Consideration of matters contained in Section 52 of the Act
- Mrs
Narain has not sought at any stage to put on material to the effect that she is
well-able to pay the debts alleged against her.
I am not able in these
circumstances to be satisfied that she is able to pay her debts. Whatever the
stage of the administration
of her estate since the Sequestration Order made by
Registrar Luxton on 22 December 2009, it has not given rise to any material
suggesting
that she is able to satisfy the terms of s.52(2)(a) of the Act.
- The
question then becomes whether for other sufficient cause, a Sequestration Order
should not be made (section 52(2)(b)).
- Here,
Mrs Narain points fairly and squarely to her application for special leave. It
is not an assertion without force. Master Daly
thought that, notwithstanding
the difficulties that Mrs Narain might face, her case was arguable in the light
of the consideration
of Garcia.
- The
various countervailing points to be made to that submission are, in my view, as
follows:
- the
view expressed by Master Daly was not accepted by
Robson J;
- it
was not accepted by Hollingworth J;
- it
was not thought to be clearly wrong by Nettle JA and the other two members of
the Court of Appeal in Victoria;
- it
was thought to be correct by the Court of Appeal of New South Wales;
- even
if the legal position for which Mrs Narain contends in her special leave
application were to be correct, the Court of Appeal
in Victoria, led by Nettle
JA, found squarely against her.
Nettle JA, in the reasons I have earlier
described, found that she was not a volunteer to the Deed of Settlement and
obtained benefit
thereby;
- the
administration has been underway since December 2009 (although this is a
relatively minor point);
- the
amounts allegedly owing are conceded to be owing;
- the
application for special leave will clearly be strongly resisted, and while its
chances of success cannot be said to be negligible,
they are clearly uncertain,
at least so far as this Court is concerned;
- On
the other hand, however, it should be noted that the making of a Sequestration
Order is highly likely to deprive Mrs Narain of
the capacity to pursue her
application for special leave and, if granted, her appeal to the High Court.
- Balancing
all of the above considerations together, it seems to me that the proper
exercise of my discretion is to make a Sequestration
Order. In my view, it is
not appropriate to ignore the fact that the arguments sought to be placed before
the High Court have been
rejected by two puisne Judges of the Supreme Court of
Victoria and three Justices of Appeal in the Supreme Court of New South Wales.

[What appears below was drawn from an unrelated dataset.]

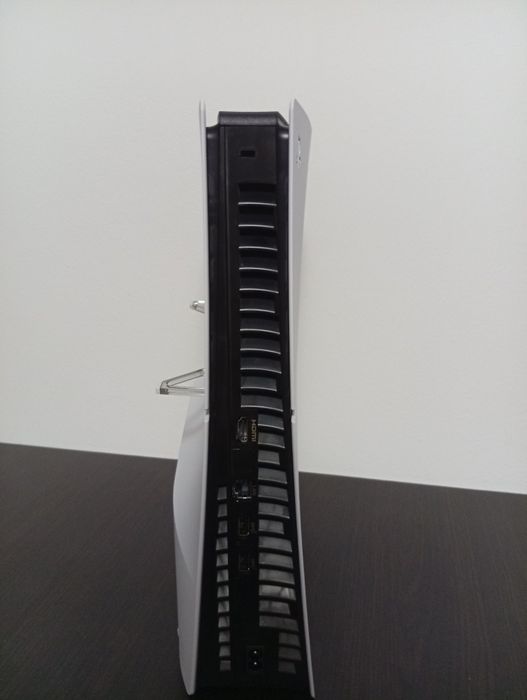 Vând Ps5 Nou perfect funcțional cu manetă originala cu toate cablurile cu 2 jocuri și cu tastatura și mouse led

Although the argument as to the application of Yerkey found favour with
Nettle JA, he was not prepared to say that the decision of the Court of Appeal
in New South Wales was plainly wrong,
and the other two Justices of the Court of
Appeal of Victoria did no more than to adopt his Honour’s reasons. They
also adopted
his Honour’s reasoning that Mrs Narain was not a volunteer.
- In
all the circumstances, and based upon the remarks set out above, I think that
the proper exercise of my discretion is to make a
Sequestration Order. In the
light of the observations of the Full Court of the Federal Court in Totev v
Sfar, I will affirm the decision of Registrar Luxton to make a Sequestration
Order and dismiss the application for review.
- I
am minded to make the usual order as to costs, and to note the date of
bankruptcy as that set out in the orders by Registrar Luxton.
I will hear from
the parties before making these orders finally.
I certify that
the preceding thirty-seven (37) paragraphs are a true copy of the reasons for
judgment of Burchardt FM
Associate: Ms B. Evans
Date: 24 March 2010
ADDENDUM
- Since
dictating these Reasons, my chambers has received a further affidavit filed by
the Trustee pursuant to leave granted by me on
2 March 2010. Objection has
been taken to it by Mrs Narain’s lawyers. Given the conclusions I have
already reached, the admission
into evidence of the affidavit is not a matter of
great moment. While I am not in any way critical of the Trustee for filing an
affidavit for which leave was given, I note that from the terms of the affidavit
and its annexures (see paragraphs 6 and 7) it may
be contentious.
- In
the circumstances, the affidavit will be filed on the Court file but I have had
no regard to its contents in formulating these
Reasons for Judgment.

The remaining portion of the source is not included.